When tackling expressions such as \((2m + 3y) - m\), the first step is to replace variables with their given numerical values. This process is known as variable substitution. In our example, we know the values of the variables: \(m = 8\) and \(y = 6\). Hence, when we perform variable substitution, it involves plugging these values into the expression. Instead of dealing with letters, we now have numbers: \((2(8) + 3(6)) - 8\). Anything in math becomes much clearer when it's numerical, making it easier to carry out the calculations and simplifies the task at hand.

Following variable substitution, the next step is to evaluate the expression. Evaluating refers to performing the arithmetic operations as per the given expression.

The expression from the previous step becomes \((2(8) + 3(6)) - 8\). Here's how we evaluate it:

• First, perform the operations within the parentheses.
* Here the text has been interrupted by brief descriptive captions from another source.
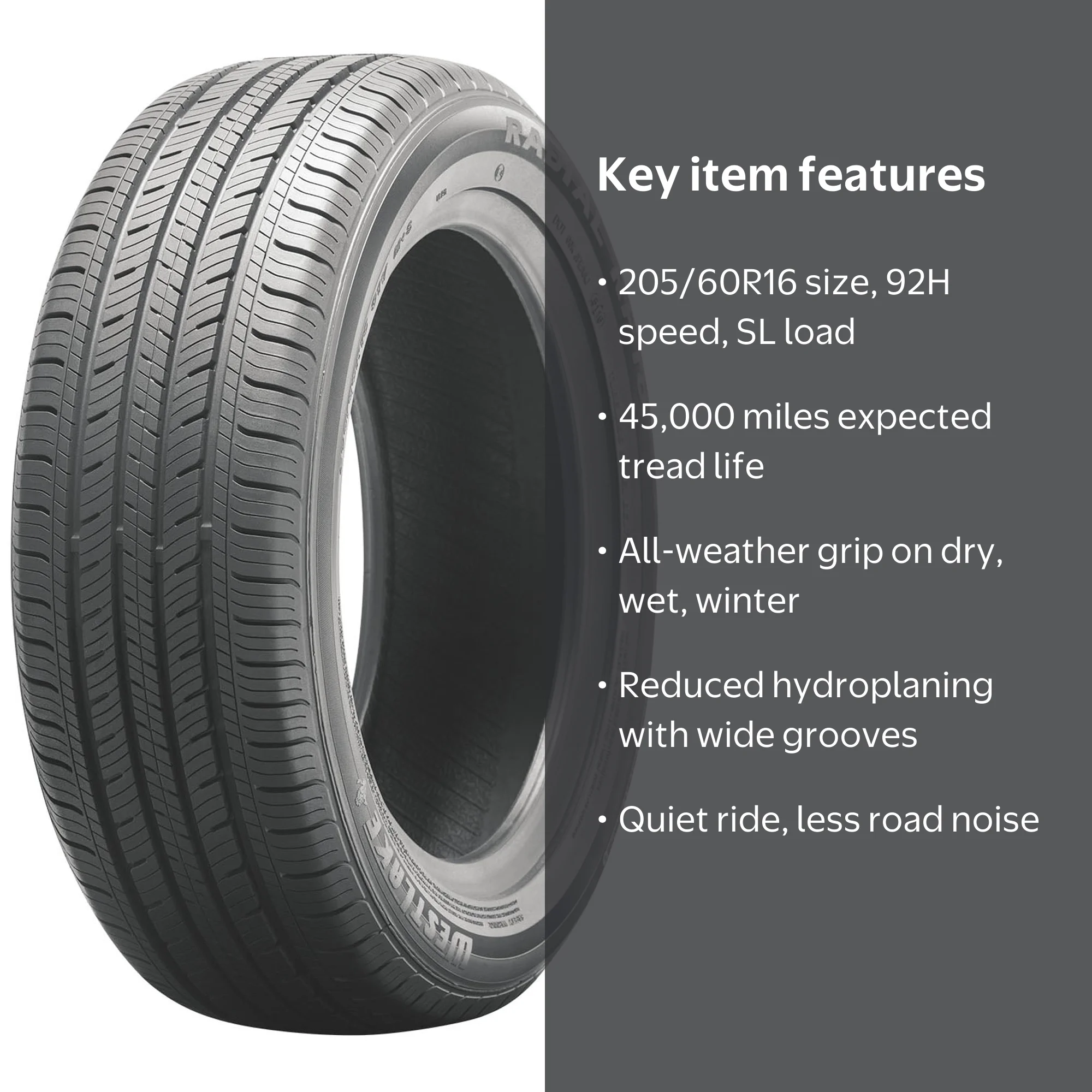 Westlake All-Season Passenger Tire, RP18 205/60R16 92H for Sedans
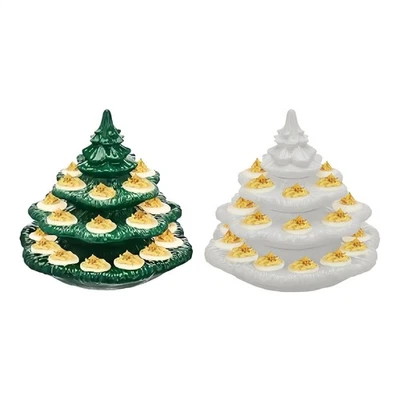 4 Tier Christmas Tree Shape Deviled Egg Platters Trays Holds 26 Holes - Image 1 of 4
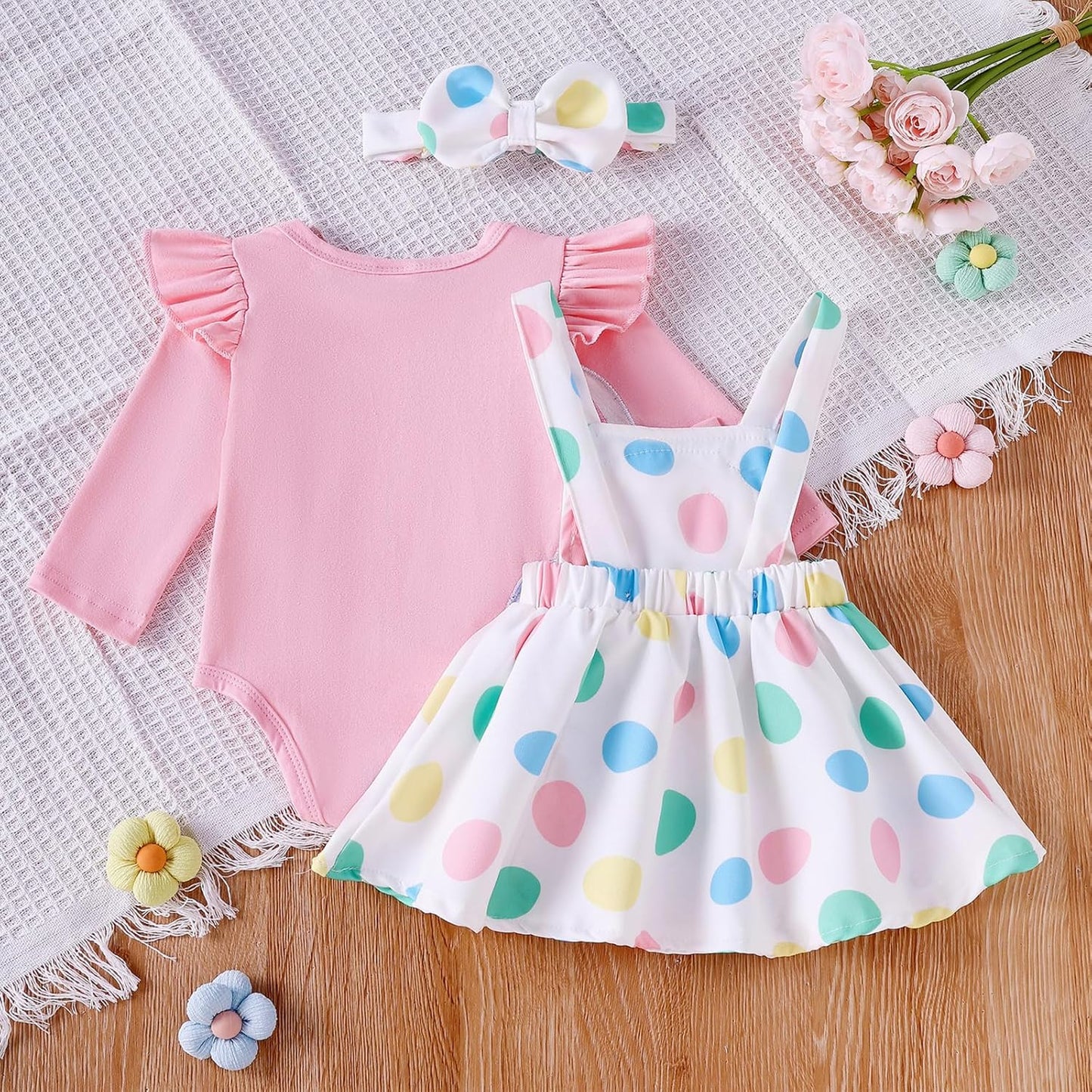 ESSECMBS Infant Baby Girl Halloween Romper Skirt 3 Pieces Clothing Set Long Sleeve Ruffle Shoulder Body Braces Pumpkin Ghost Skirt Headband Girls All Saints Clothing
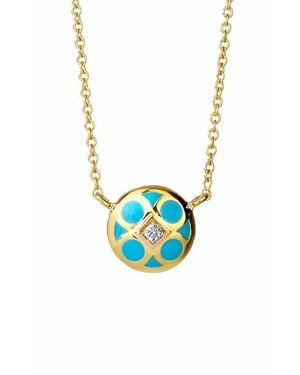 Syna Reversible Enamel Necklace - Blue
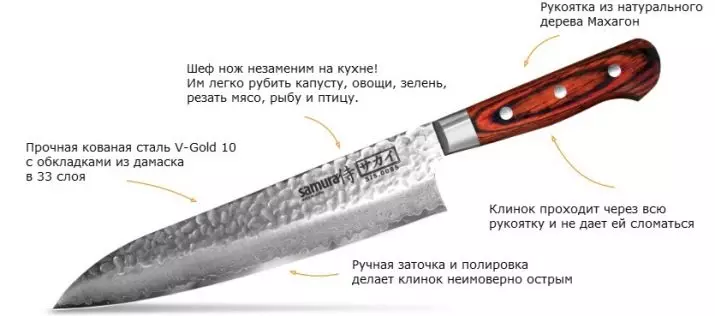 Knives Dapur Jepang (35 Poto): Kiomo Kacabatan sareng Pabrikan séjén. Nakiri sareng Deba, Santoko sareng spésiés sanés. Pilihan suske 24998_8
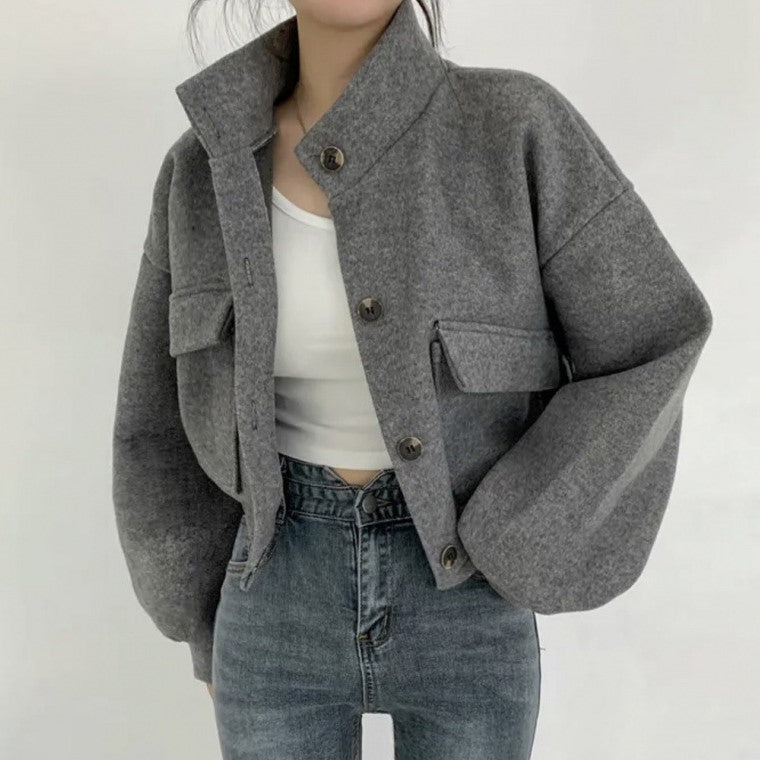 Cropped Stand Collar Utility Jacket with Flap Pockets - Gray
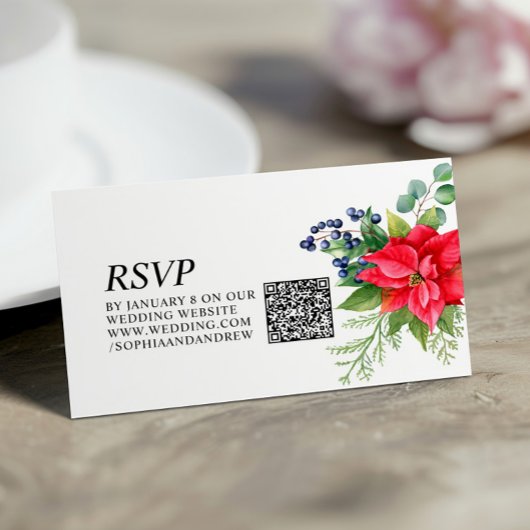 Carte D'accompagnement Noël Red Berries Mariage QR Code RSVP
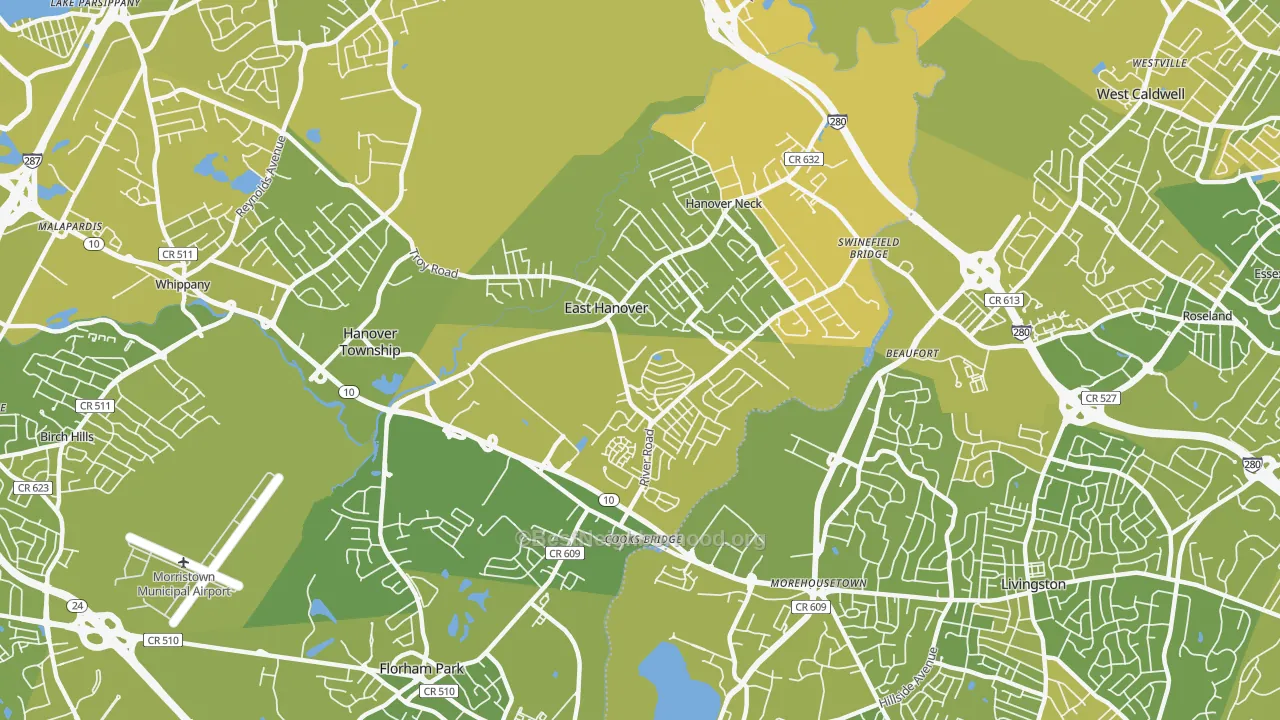 Map of the best neighborhoods in the 07936 area, with better matches in green and worse matches in red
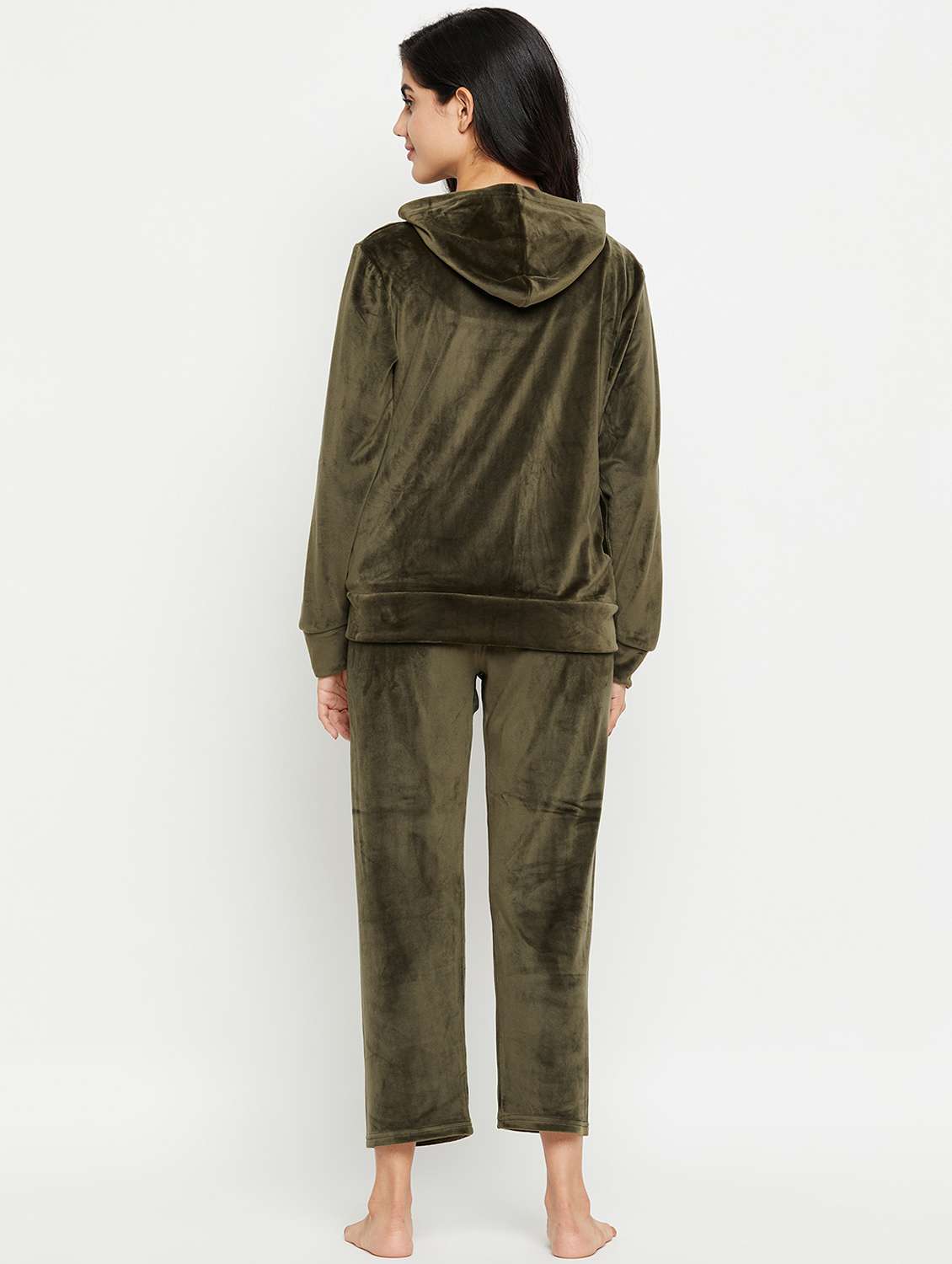 hooded neck solid nightwear suit - 20038853 - Standard Image - 3
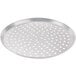 An American Metalcraft silver round metal pizza pan with holes.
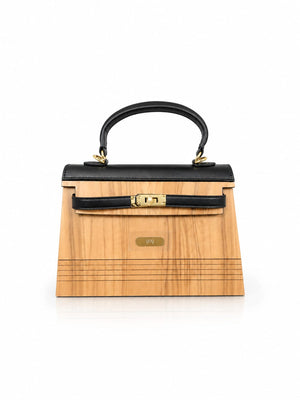Jasmin — Sac en bois d'olivier & cuir végan, fond blanc, vue face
This includes multiplying \(2\) and \(8\), which results in \(16\), and multiplying \(3\) and \(6\), resulting in \(18\).
• After obtaining the results of these multiplications, the expression within the parentheses now reads \(16 + 18\).

Evaluating means calculating step-by-step to ensure no mathematical details are missed. This methodical approach is crucial to solve expressions accurately.

Once we have evaluated the basic mathematical operations, it's time to simplify the expression. Simplification makes the expression easier to understand and manage.

Consider the evaluated parts of our expression: \((16 + 18) - 8\). The next step is to simplify it by solving the operations:

• Add \(16\) and \(18\) to get \(34\).
• Lastly, subtract \(8\) from \(34\), which simplifies the expression to \(26\).

Simplification is the process of reducing an expression to its most basic form, making it more concise and straightforward to work with. It's like tidying up a room by putting everything in its place!